President Bush said yesterday that bank regulations are "increasingly outmoded" and that his administration will introduce legislation next year to overhaul the banking system.

Speaking to the Association of Bank Holding Companies, Bush said "our banking system can never be truly safe if it's not also economically sound."

The speech indicated that the Bush administration is working up to a major reform package for the banking industry, rather than more modest changes in deposit insurance.

The Treasury Department is preparing a report on deposit insurance as mandated by the savings and loan cleanup bill passed by Congress in 1989. Treasury Secretary Nicholas F. Brady has said that the report also would outline possible changes in banking laws that have been in effect since the 1930s.

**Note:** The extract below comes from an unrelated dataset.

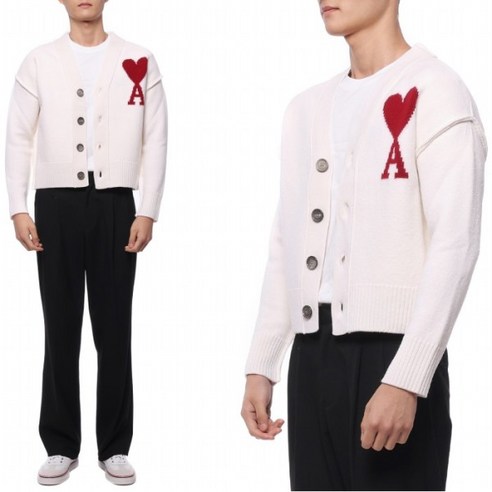 아미 남성용 23FW 하트 로고 울 가디건 (BFUKC006 018 154 M 23F) 아미가디건 아미 남성용 23FW 하트 로고 울 가디건 (BFUKC006 018 154 M 23F) 아미가디건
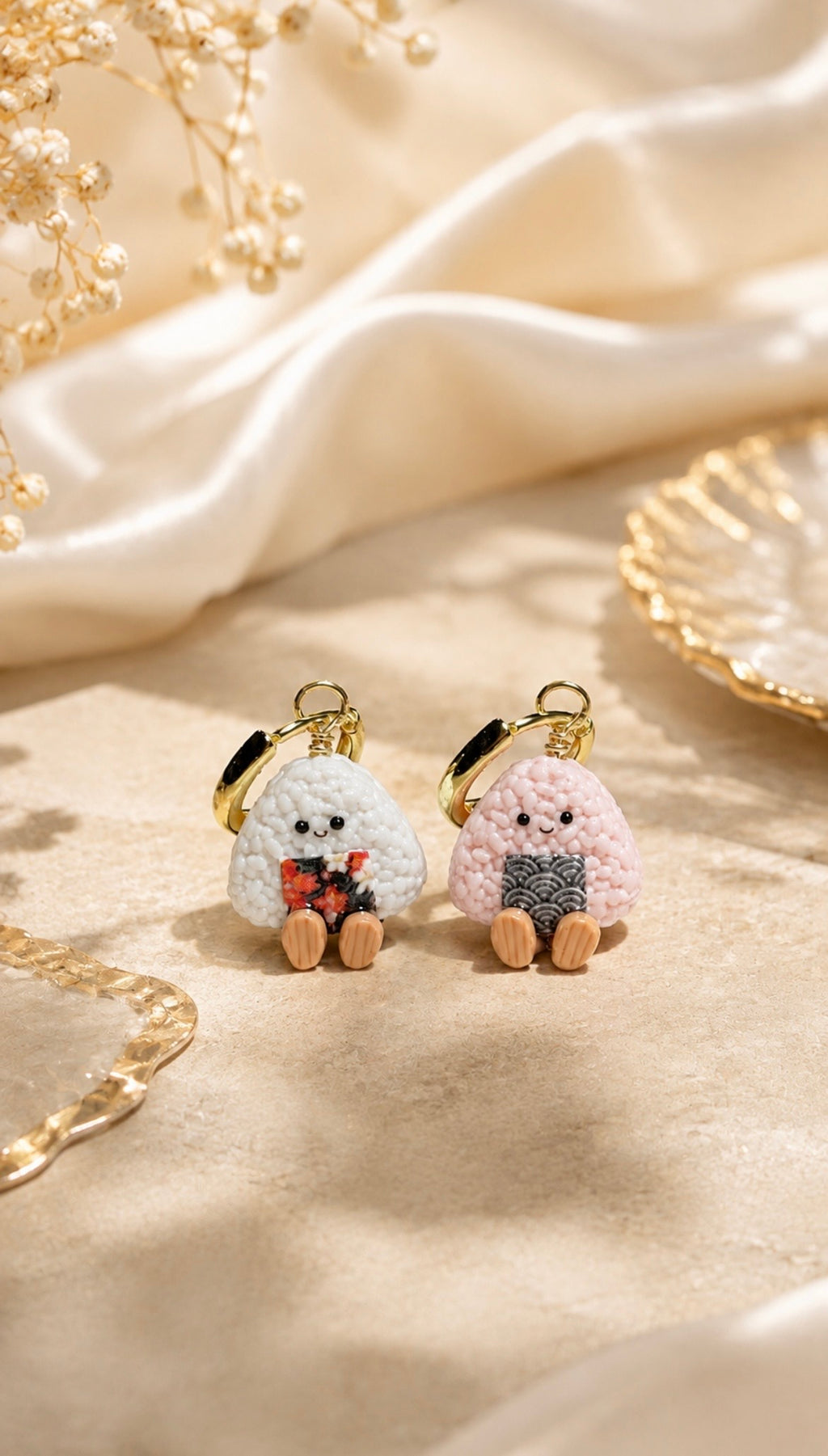 Autumn and Ocean Onigiri on Gold Hoops (lilac and pink)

Those laws, which separated the activities carried out by commercial banks, savings and loan institutions and investment banks, have been eroded by changes in technology and the emergence of new types of financial-service companies that compete with banks.

"In the age of the ATM {automatic teller machine} and the 800 number and in the face of intense competition from non-banks to meet the ... the consumer's credit needs, we must rethink and reexamine our existing regulations and the need for change," Bush said.

The president's speech gave no particulars about what reforms the Treasury would recommend, prompting one banker at the luncheon speech to say, "Well, at least he said that banking is important."

But other bankers said that the speech at least indicated that the White House would put its weight behind bank reform.

"This obviously is going to be top White House business next year and will command the direct attention of the president," said Thomas Ludlow Ashley, president of the Association of Bank Holding Companies and a college friend of Bush's.

Bush asked the bankers for support in winning passage for legislation next year.

Ashley said he expected new legislation would introduce "market discipline" into the banking system in addition to regulatory discipline, so that banks do not take reckless risks with money insured by American taxpayers. "We understand the necessity to limit the safety net," said Ashley. "The weak shouldn't be propped up. They should be allowed to fail."

Such reforms have been the focus of attention in the wake of the costly cleanup of the savings and loan industry.

"What's at stake," Bush added, "is not just the confidence for the American people in the banking system, but the profitability and the competitiveness of a key American industry."